* TASK TO CARRY OUT
Somewhere below, one line contains "Eyes on Brickell: Cataracts: Causes, Symptoms, and" and a later line contains "Чистка лица HydraFacial". Output those two lines and everything between them exactly, and nothing else.
---------- MATERIAL FOR THE TASK ----------
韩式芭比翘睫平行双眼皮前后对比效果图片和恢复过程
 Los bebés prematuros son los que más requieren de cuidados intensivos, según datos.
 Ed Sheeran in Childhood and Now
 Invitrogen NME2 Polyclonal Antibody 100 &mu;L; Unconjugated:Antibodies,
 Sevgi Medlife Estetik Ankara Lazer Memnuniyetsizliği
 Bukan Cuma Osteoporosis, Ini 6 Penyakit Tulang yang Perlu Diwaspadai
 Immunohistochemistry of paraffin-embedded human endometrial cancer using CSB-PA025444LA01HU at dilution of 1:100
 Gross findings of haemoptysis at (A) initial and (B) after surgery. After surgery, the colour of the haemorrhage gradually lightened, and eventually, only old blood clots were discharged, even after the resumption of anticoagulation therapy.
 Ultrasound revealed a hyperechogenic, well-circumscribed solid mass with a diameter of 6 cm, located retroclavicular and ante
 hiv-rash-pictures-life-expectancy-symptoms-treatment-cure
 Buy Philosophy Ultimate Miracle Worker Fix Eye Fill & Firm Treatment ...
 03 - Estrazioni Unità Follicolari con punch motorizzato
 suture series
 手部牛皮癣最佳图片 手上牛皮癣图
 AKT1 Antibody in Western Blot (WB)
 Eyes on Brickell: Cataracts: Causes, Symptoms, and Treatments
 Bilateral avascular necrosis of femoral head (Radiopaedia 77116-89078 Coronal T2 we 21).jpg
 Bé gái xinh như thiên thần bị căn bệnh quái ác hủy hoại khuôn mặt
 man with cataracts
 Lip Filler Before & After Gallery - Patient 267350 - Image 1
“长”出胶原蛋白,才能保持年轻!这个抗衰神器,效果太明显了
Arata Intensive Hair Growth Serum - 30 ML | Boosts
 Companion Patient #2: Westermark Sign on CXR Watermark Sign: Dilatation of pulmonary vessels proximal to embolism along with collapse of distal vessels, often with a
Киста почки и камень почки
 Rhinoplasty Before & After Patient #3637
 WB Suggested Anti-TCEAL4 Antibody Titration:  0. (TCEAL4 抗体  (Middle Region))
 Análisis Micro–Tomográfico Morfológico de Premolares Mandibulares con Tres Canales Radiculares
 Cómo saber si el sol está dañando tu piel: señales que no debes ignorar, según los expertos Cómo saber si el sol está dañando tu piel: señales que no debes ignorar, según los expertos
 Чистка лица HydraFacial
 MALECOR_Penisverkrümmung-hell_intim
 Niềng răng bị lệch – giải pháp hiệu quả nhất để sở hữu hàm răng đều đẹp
----------
* SOLUTION TO THE PROBLEM
 Eyes on Brickell: Cataracts: Causes, Symptoms, and Treatments
 Bilateral avascular necrosis of femoral head (Radiopaedia 77116-89078 Coronal T2 we 21).jpg
 Bé gái xinh như thiên thần bị căn bệnh quái ác hủy hoại khuôn mặt
 man with cataracts
 Lip Filler Before & After Gallery - Patient 267350 - Image 1
“长”出胶原蛋白,才能保持年轻!这个抗衰神器,效果太明显了
Arata Intensive Hair Growth Serum - 30 ML | Boosts
 Companion Patient #2: Westermark Sign on CXR Watermark Sign: Dilatation of pulmonary vessels proximal to embolism along with collapse of distal vessels, often with a
Киста почки и камень почки
 Rhinoplasty Before & After Patient #3637
 WB Suggested Anti-TCEAL4 Antibody Titration:  0. (TCEAL4 抗体  (Middle Region))
 Análisis Micro–Tomográfico Morfológico de Premolares Mandibulares con Tres Canales Radiculares
 Cómo saber si el sol está dañando tu piel: señales que no debes ignorar, según los expertos Cómo saber si el sol está dañando tu piel: señales que no debes ignorar, según los expertos
 Чистка лица HydraFacial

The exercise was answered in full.